A key aspect of Kadyrov's drive towards Shair'a has been forcing women to wear the hijab. By the autumn of 2007, the Chechen president had publicly stated on television that all women working for state institutions had to wear headscarves, and that such an unwritten law should be implemented immediately. The results were soon evident as female television anchors, government officials, teachers and staff-members of the ombudsman's office began wearing headscarves to work by the end of that year. In schools and universities, where the hijab was introduced under Kadyrov as part of mandated uniforms in 2007, students who refused to wear the hijab were simply denied entry to their respective offices and academic institutions, even though no legal basis existed for this new requirement.

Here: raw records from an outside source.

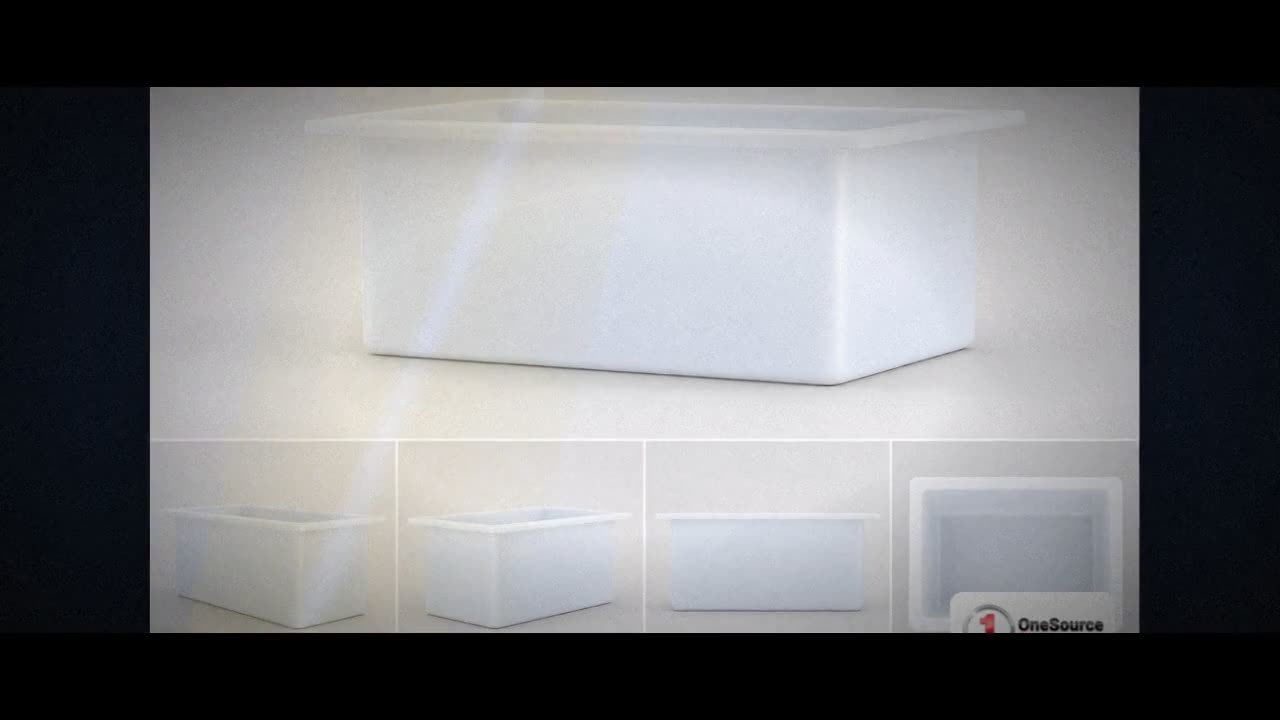 Chem-Tainer 50 Gallon PE Rectangular Open Top Tank video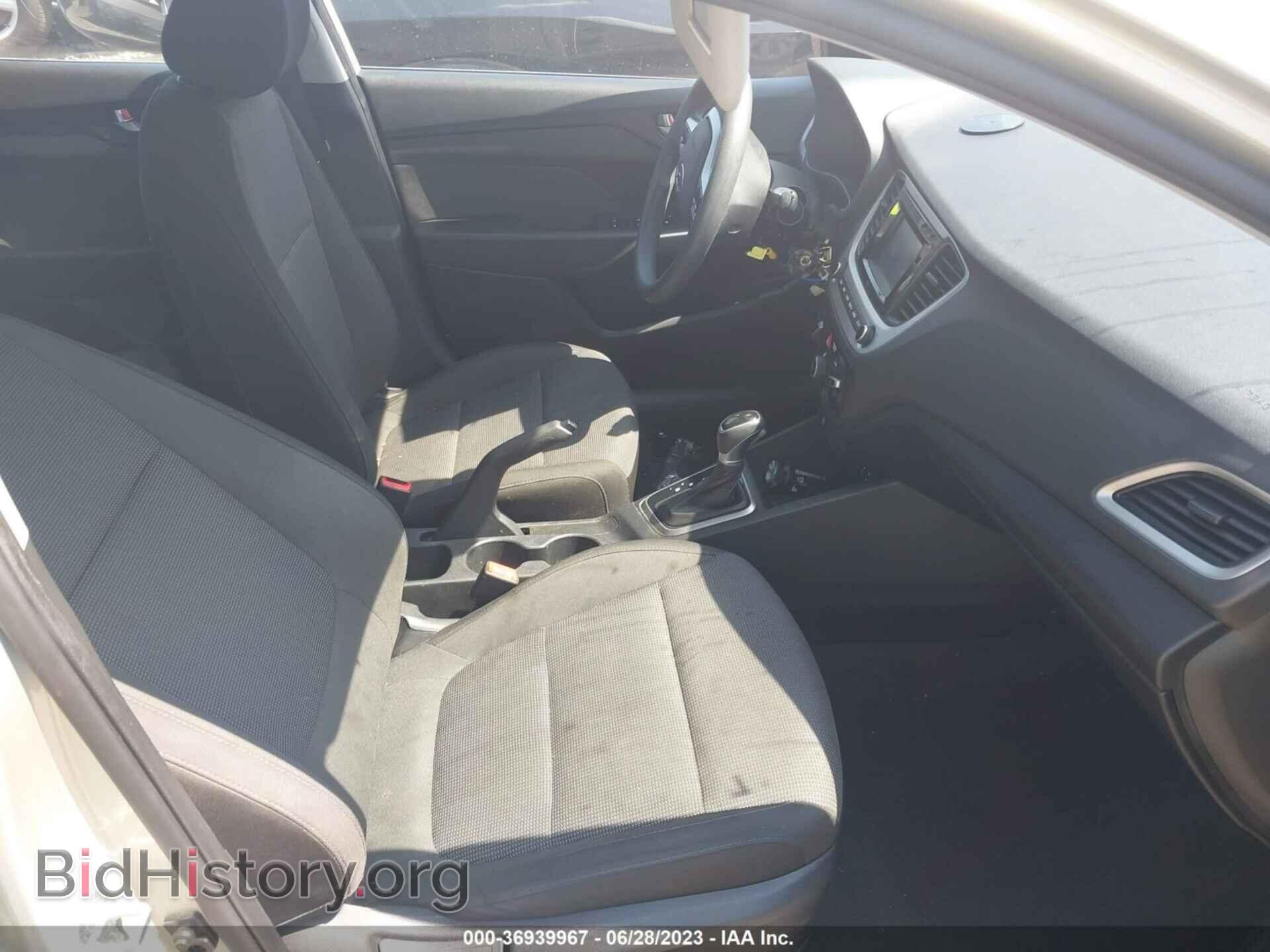 2019 HYUNDAI ACCENT - VIN: 3KPC24A34KE071221 - Фото 5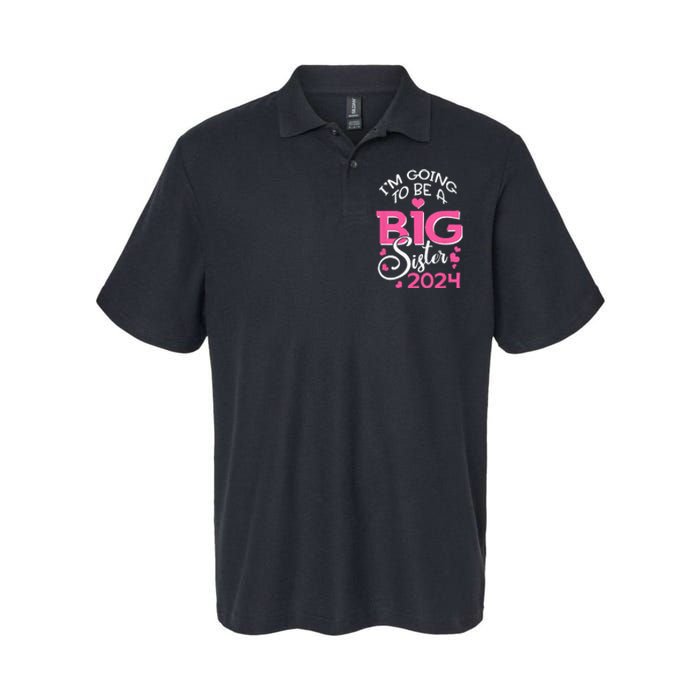 Im Going To Be A Big Sister 2024 Pregnancy Announcement Softstyle Adult Sport Polo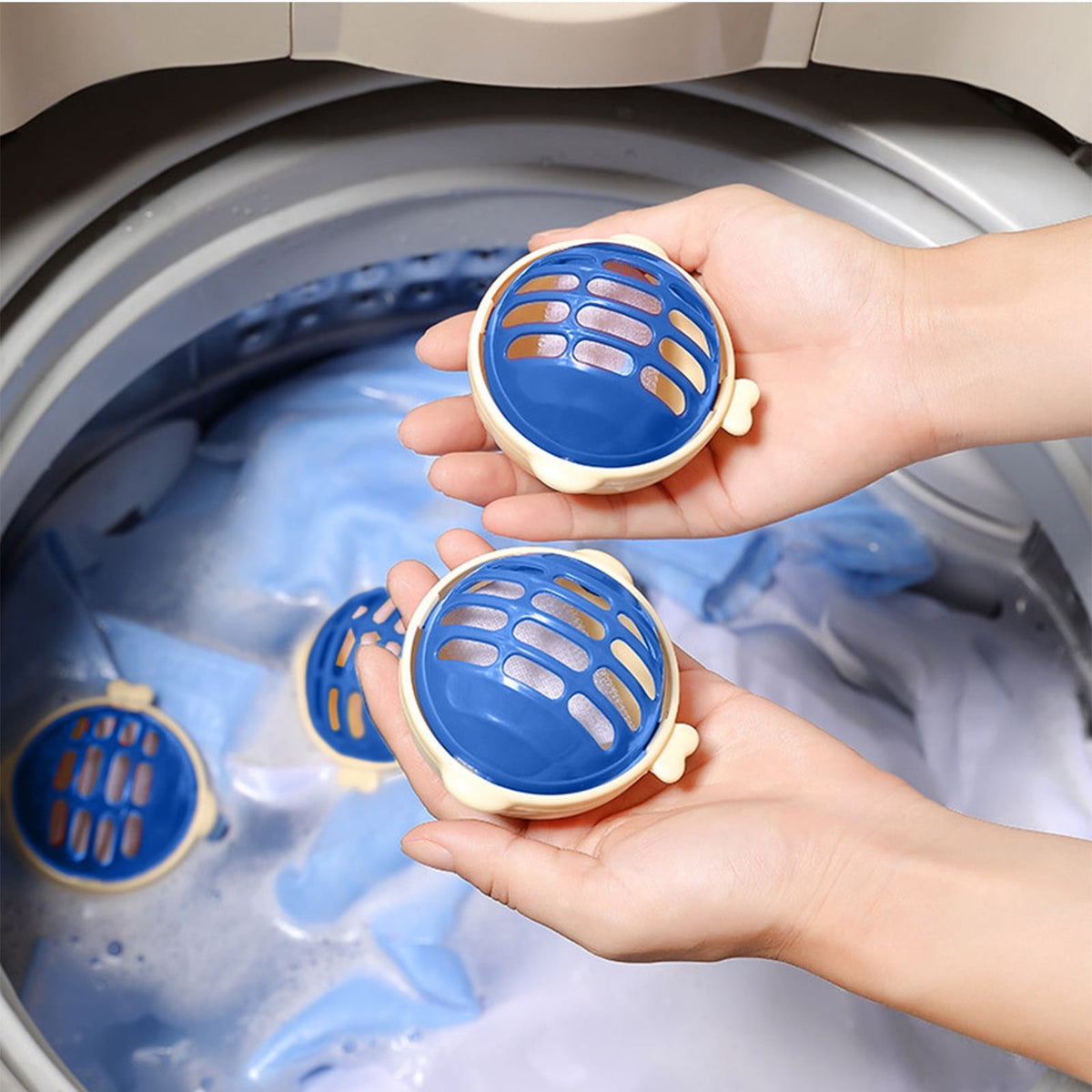 Reusable Pet Hair Catcher Laundry Ball for Washing Machines - Image 5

Throughout 2009 and 2010, the unwritten mandate for the hijab spread to public places in general, including entertainment venues, cinemas and most types of outdoor areas. However, as of 2011 a written instruction from the Chechen government in the form of a letter to republican and local government agencies exists. The letter, dated January 25, 2011 and written by the Administration for the Head and Government of the Chechen Republic, emphasizes the need to "strictly enforce" a dress code for female civil servants that consists of "the appropriate headdress, dress and skirt- below the knees, and three-quarter sleeves." In 2010, reports emerged of security forces opening fire with paintball guns on women who did not wear the headscarf in the center of Grozny. These incidents were accompanied by general harassment of women without the hijab at the hands of law enforcement personnel in the month of Ramadan.

Meanwhile, Kadyrov, in keeping with his dictatorial tendencies, has proven himself remarkably intolerant of public criticism of his policy regarding the hijab. For example, in July 2009, Natalia Estemirova, a researcher at the Memorial Human Rights Center in Chechnya, was abducted near her home in Grozny and murdered. Estemirova had been a vocal critic of Kadyrov's enforcement of the headscarf since 2007. Indeed, after she gave a scathing interview in 2008 that described the headscarf policy as a blatant violation of the right to privacy and was broadcast on REN-TV as part of a program on the revival of Shair'a in Chechnya, Kadyrov threatened retaliation for her unyielding criticism. It is widely suspected that the Chechen government was behind her murder, and it is unclear whether any official investigation has been launched into her death.

It may well be that Kadyrov is implementing a policy of Islamization merely to appease Islamist militants in Chechnya and win popular legitimacy by portraying his values as purely Islamic, opposed to the morals of the non-Muslim Russian government that installed him in power. However, the enforcement of Shair'a in Chechnya is in gross violation of Article 11 of the Chechen Republic's Constitution, which is in full compliance with Russia's Basic Law and upholds that "the Chechen Republic is a secular state. No religion can be made a state religion or a mandatory one."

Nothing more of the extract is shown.